Blockchain technology not yet ready for mortgages


Marlin Horst head shot

Proponents pushing blockchain technology to create mortgages are putting the cart before the horse, Toronto corporate lawyer Marlin Horst tells

Horst, a partner with Shibley Righton LLP, says blockchain — best known as the encryption technology behind Bitcoin — is essentially a digital ledger that can be used for many other purposes beyond currency, but he’s wary of a scheme being promoted in Bermuda to create mortgages which investors could then purchase fractionally.

The Financial Post reports that the company would use local financial professionals to run “mortgage hubs” that would evaluate and underwrite them, dividing each property transaction into 100,000 Fractional Mortgage Share (FMS) units that could then be listed on the company’s blockchain-based exchange. Investors would purchase an FMS using blockchain-based tokens and would harvest principal and interest payments from the property’s owner each month.

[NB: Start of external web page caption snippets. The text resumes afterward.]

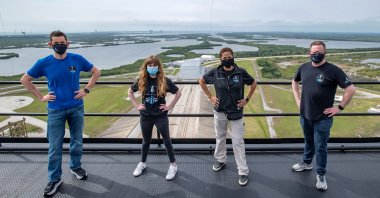 (L-R) Jared Isaacman, Hayley Arceneaux, Sian Proctor and Chris Sembroski pose for a photo at the SpaceX launch tower at NASA's Kennedy Space Center at Cape Canaveral, Florida, U.S., March 29, 2021. (SpaceX Handout via Reuters)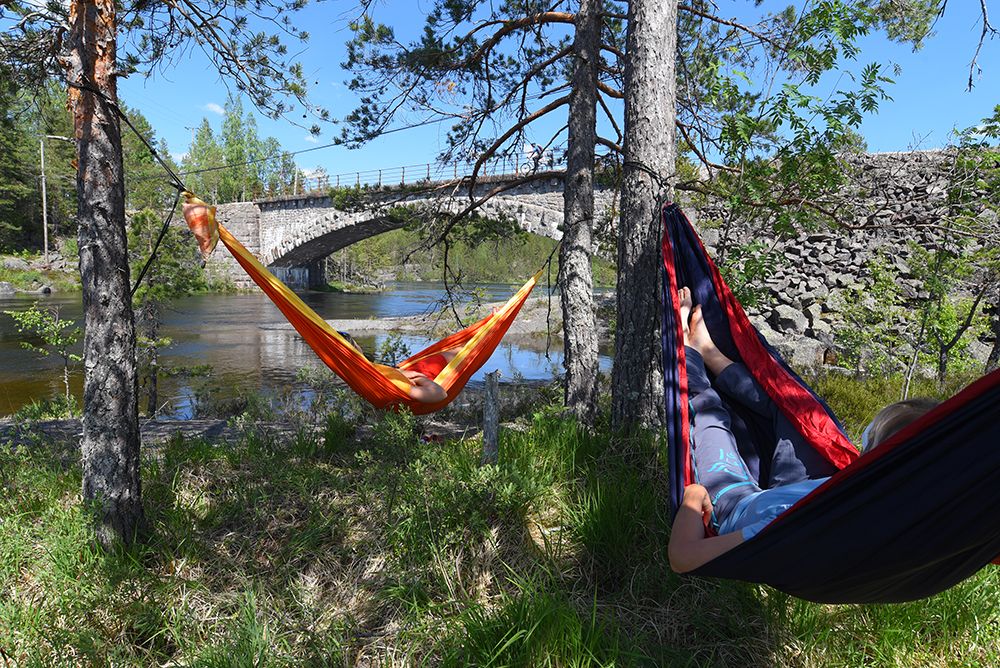 2 syklister slapper av i hver sin hengekøye langs sykkelveien "gamle Treungenbanen"
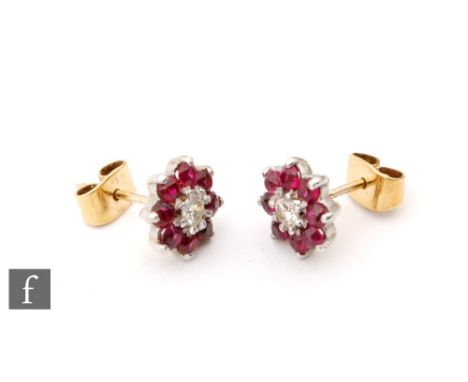 A pair of 9ct ruby and diamond cluster stud earrings, central brilliant cut diamond within eight stone ruby surround, all sto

In some cases the mortgages might also be crowdfunded with smaller fractions for investors but its setup is poorly timed and fraught with potential problems, Horst cautions.

While these mortgages are not available in Canada, promoters of the concept say it could be set up in any jurisdiction which raises a red flag, he says.

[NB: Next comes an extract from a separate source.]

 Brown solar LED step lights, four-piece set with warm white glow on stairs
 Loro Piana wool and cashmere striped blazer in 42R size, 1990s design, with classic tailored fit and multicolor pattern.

“First, the securities commissions in Canada are looking closely at blockchains because they are considered financial instruments and a form of security,” Horst says. “That means there will be regulation. We all remember the subprime mortgage crisis in 2008 and don’t want that happening again.”

Secondly, he says, investors thinking of putting funds into the Bermuda venture should step back and consider the risks.

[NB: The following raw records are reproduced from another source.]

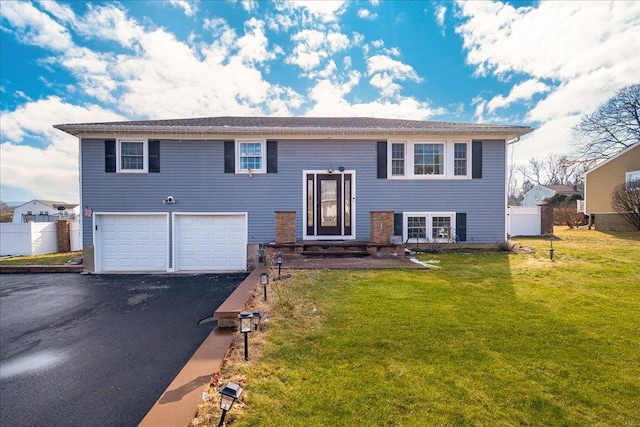 bi-level home featuring a garage and a front yard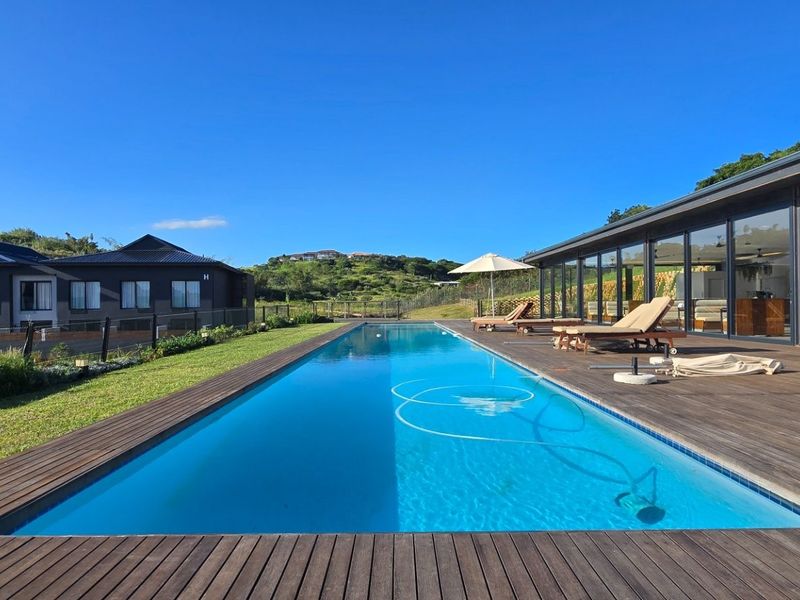 A modern lap pool featuring extensive timber decking and large sliding glass doors that provide seamless indoor-outdoor flow.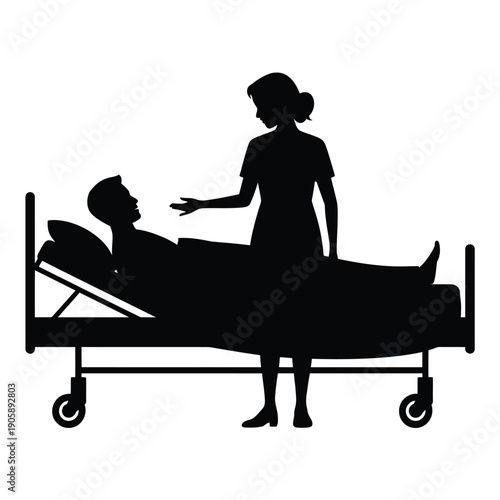 Silhouette of a nurse attending to a patient lying in a hospital bed
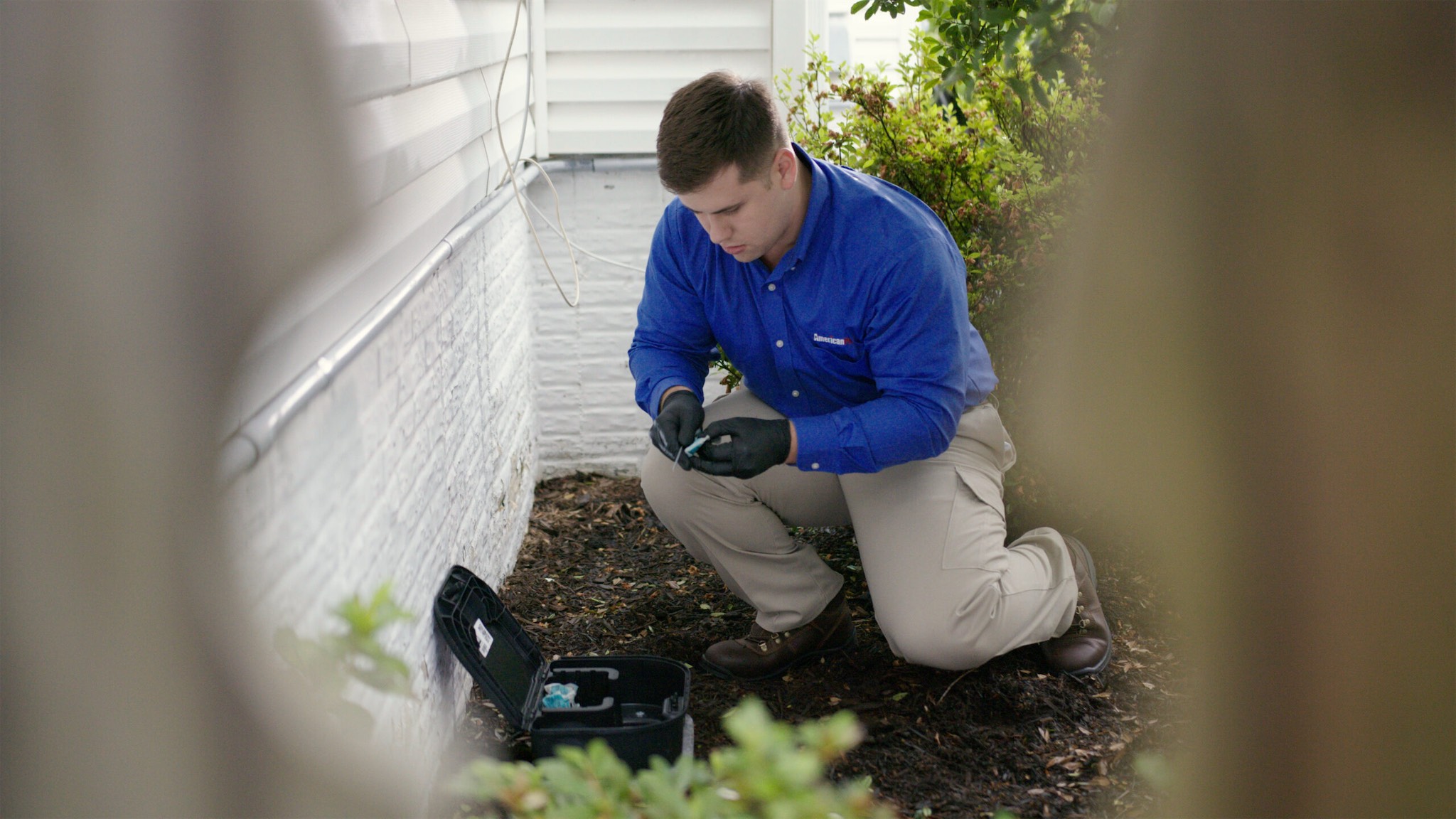 checking and updating rodent control bait station outside of a home in MD, DC, and VA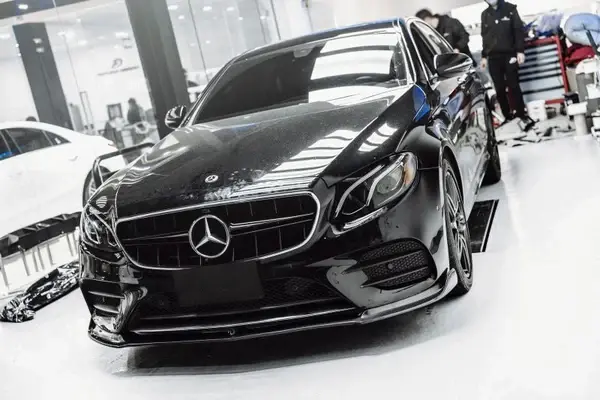 mercedes-benz-e-class-e43-w213-future-design-style-carbon-fibre-front-lip-XXIITUNING_9c2fbc93-c447-4261-95d2-b816d758.webp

“I practised law in Bermuda for a few years so I have a handle on how things work there,” Horst says. “The big difference is that there is no title registry. The banks simply take the title document and hold it for the term of the mortgage. They also do quite a bit of work to ensure the person they are issuing a mortgage to actually has a right to the title."

When things go wrong in that country, Horst says, it’s usually a drawn-out court battle because of the lack of a title registry.

“There’s no secured asset underpinning the mortgage just like there were with the bad assets attached to the loans in 2008,” he says. “This is an issue and we need regulation to make the rules clear to everyone on what is acceptable.”

Further, Horst says, the concept being floated would require the investors to mine the blockchain themselves in order to collect their principal and interest repayments. Mining involves adding transactions to the existing blockchain ledger of transactions distributed among all users.

“Blockchain mining requires a fast CPU and higher electricity usage. If these are small investors, you have to wonder whether they will have the resources to carry that out and still see a return,” he says.

The technology still has some flaws, he says, noting cyber currencies and blockchains remain vulnerable to hacking and theft.

While blockchain will likely become part of business and investment strategies at some point, Horst says it’s not yet ready for prime time.

“At worst, it’s a bad idea, and at best, it is an idea whose time has not yet come,” he says.